Some certification authorities issue server certificates based on
IP addresses, but preliminary evidence indicates that such
certificates are a very small percentage of issued certificates
(e.g., less than 1%). Furthermore, IP addresses are not
necessarily reliable identifiers for application services because
of the existence of private internets [PRIVATE], host mobility,
multiple interfaces on a given host, Network Address Translators
(NATs) resulting in different addresses for a host from different
locations on the network, the practice of grouping many hosts
together behind a single IP address, etc. Most fundamentally,
most users find DNS domain names much easier to work with than IP
addresses, which is why the domain name system was designed in the
first place. We prefer to define best practices for the much more
common use case and not to complicate the rules in this
specification.
Furthermore, we do not discuss attributes unrelated to DNS domain
names, such as those defined in [X.520] and other such
specification (e.g., organizational attributes, geographical
attributes, company logos, and the like).
o Security protocols other than [TLS] or [DTLS].

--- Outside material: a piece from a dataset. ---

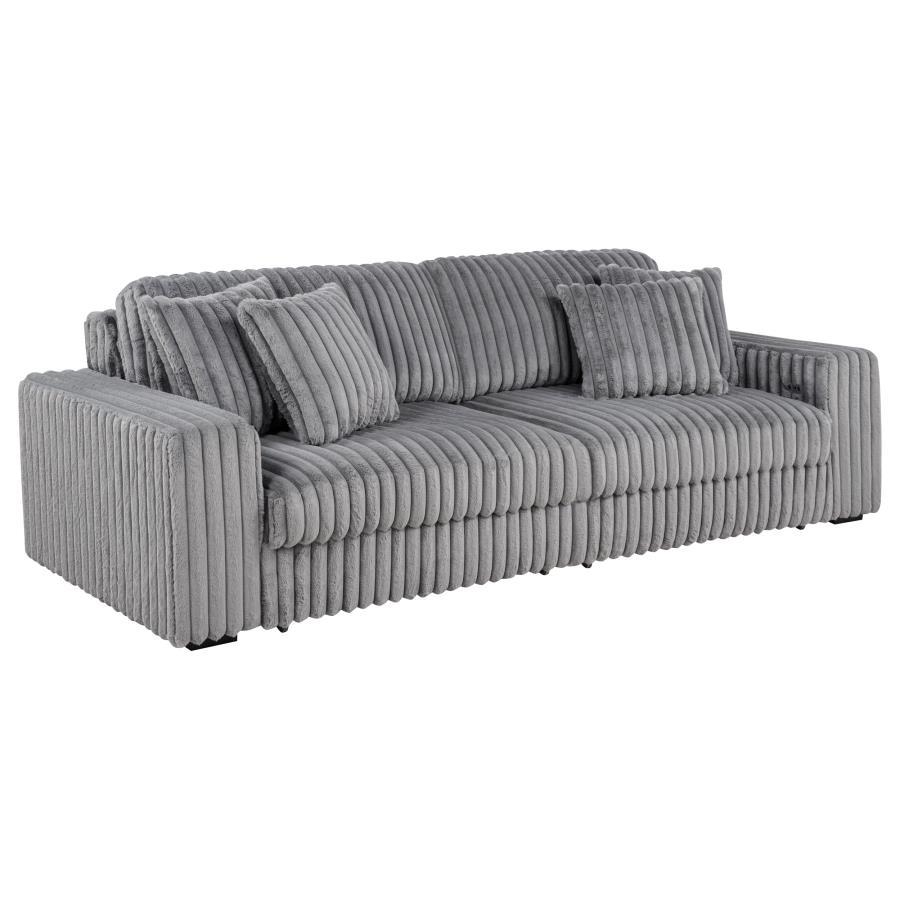 Jacana - Corduroy Upholstered Dual Power Chaise Sofa Reclining Sectionals by Coaster Fine Furniture - Walls Furniture & Mattress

Although other secure, lower-layer protocols exist and even employ
PKIX certificates at times, e.g. [IPSEC], their use cases can
differ from those of TLS-based or DTLS-based application
technologies. Furthermore, application technologies have less
experience with IPsec than with TLS, thus making it more difficult
to gather feedback on proposed best practices.

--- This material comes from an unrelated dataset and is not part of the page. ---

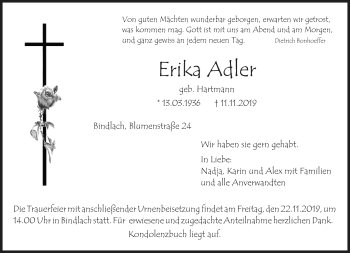 Anzeige von Erika Adler von Nordbayerischer Kurier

o Keys or certificates employed outside the context of PKIX-based
systems.
Some deployed application technologies use a web of trust model
based on or similar to [OPENPGP], or use self-signed certificates,
or are deployed on networks are not directly connected to the
public Internet and therefore cannot depend on Certificate
Revocation Lists (CRLs) or the Online Certificate Status Protocol
[OCSP] to check CA-issued certificates. However, the syntax of
OpenPGP keys differs essentially from X.509 certificates, the data
in self-signed certificates has not been certified by a third
party in any way, and checking of CA-issued certificates via CRLs
or OSCP is critically important to maintaining the security of
PKIX-based systems. Attempting to define best practices for such
technologies would unduly complicate the rules defined in this
specification.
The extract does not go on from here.